Dennis Gartman Weighs In

Mr. Gartman receives much criticism for his market calls, especially in oil. But that said, we have seen him make some very good calls over the last 20 years. And almost exclusively, when he is right on Metals, his sources and information are out of the London markets. So when he opines and makes it clear that he is channeling something someone in London confided in him, we listen.

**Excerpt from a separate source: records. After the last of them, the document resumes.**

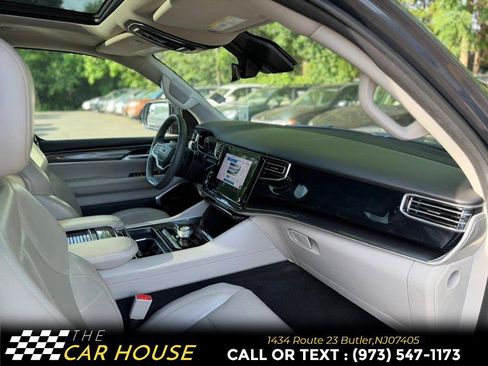 Used 2022 Jeep Wagoneer Series I w/ Convenience Group I AWD/4WD image 22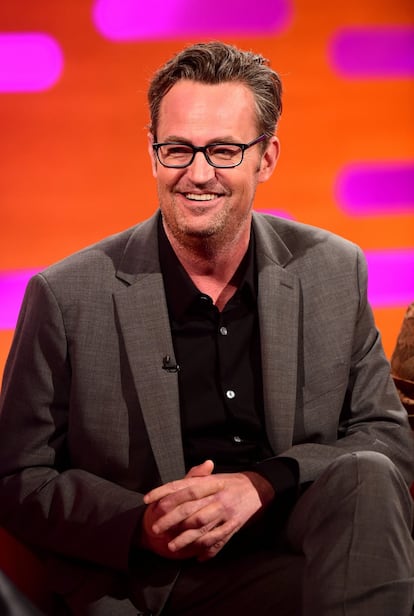 <strong>Matthew Perry.</strong> "No recuerdo tres años de ‘Friends’. Durante ese tiempo, entre la tercera y la sexta temporada, estuve un poco ido. Fueron unos años difíciles", comentó el actor a BBC Radio 2 refiriéndose a los problemas de adicciones que le hicieron ingresar dos veces en un centro de rehabilitación. El protagonista de la famosa serie de los noventa era adicto al alcohol y al Vicodin —un opioide derivado de la codeína, que se utiliza como analgésico vía oral para tratar el dolor—. "No podía parar. Llegó un punto en que las cosas se pusieron tan mal que no pude ocultarlo más y lo supo todo el mundo", dijo a ‘The Hollywood Reporter’. "Estar sobrio es muy complicado. Soy tímido, pero estar en una serie que es vista por 30 millones de espectadores hizo que la gente se enterase de mi problema. Por eso es tan importante la existencia de clínicas que te aíslen de todo el ambiente que no te favorece", añadió. Ahora, superadas sus adicciones, reconoce que lo que más aprecia de la vida es poder ayudar a quienes lo necesitan. "Lo mejor que he hecho es que, si se me acerca un alcohólico y me pide que le ayude a dejar de beber, siempre le digo que sí. Sé cómo conseguirlo".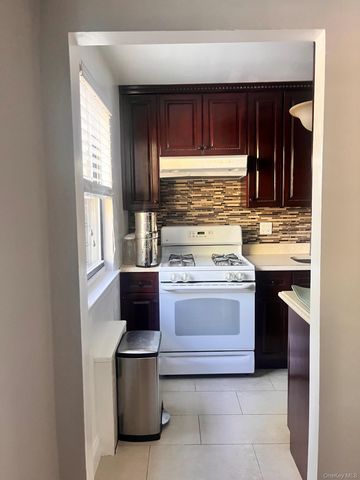 196-69 73 Avenue 2, Fresh Meadows, NY 11366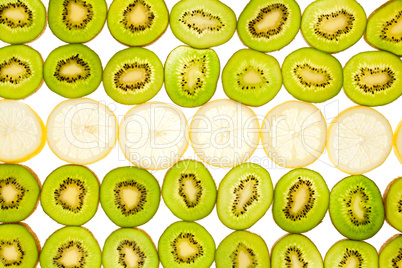 Hintergrund aus ganzen Kiwi- und Zitronenscheiben gelegt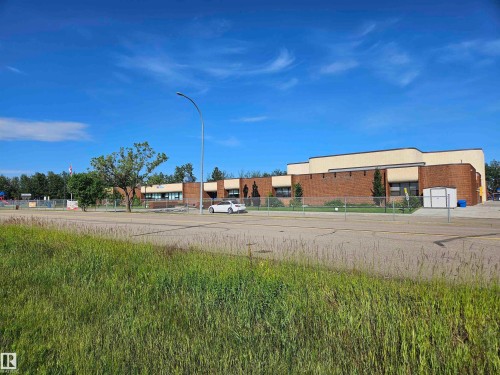 4820 54 Avenue, Redwater, AB 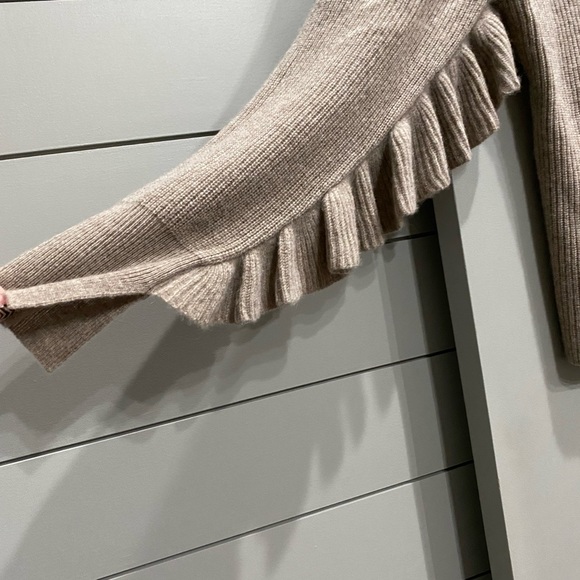 Neman Marcus Cashmere Sweater - Picture 2 of 3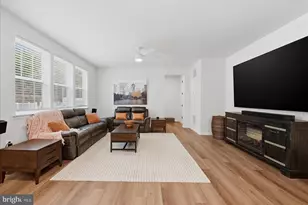 11408 Bluestem Wy, Fredericksburg, VA 22407 - Photo 4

"As for gold and the other precious metals they remain rather obviously weak and as we move away from Tuesday’s collapse it appears more and more that this was a forced liquidation on the part of a large… actually a massive… hedge fund out of London. The sheer panic that swept through the gold market then really hadn’t the look of a sell off predicated upon a rumoured push by the ECB to curtail its purchases of sovereign debt securities, nor had it the look of a rush on the part of hedgers in the gold mining industry to hedge forward production. Rather it had the look of forced margin-clerk liquidation. It looked like panic on the part of someone, somewhere who had lost control of the situation."

We have seen lucid, well thought out comments from Mr. Gartman before, like when the Silver spreads went into backwardation in 2011 during London hours. These type of statements we do not fade or discount as being contrarian indicators. Especially when he is not giving a directional opinion. But was looking for color on why Gold (a position he held) sold off.

 

The Lesson for Us, and maybe for ODEY

The "tell" which should have been obvious was the way markets reacted when the Deutsche Bank crisis escalated.

  1. Gold should have screamed higher- it did not
  2. the whole of the EU equity markets should have washed out- it did not, just the banking sector
  3. The US  Fed did not back off its "rate hike" chatter despite the DB crisis and the stronger USD
  4. The BOJ policy change to taper their buying of bonds should have been more damaging to JGBs- they were not

The axiom "If your position does not perform well on bullish news, you should expect to perform horribly on bearish news" would seem to apply here.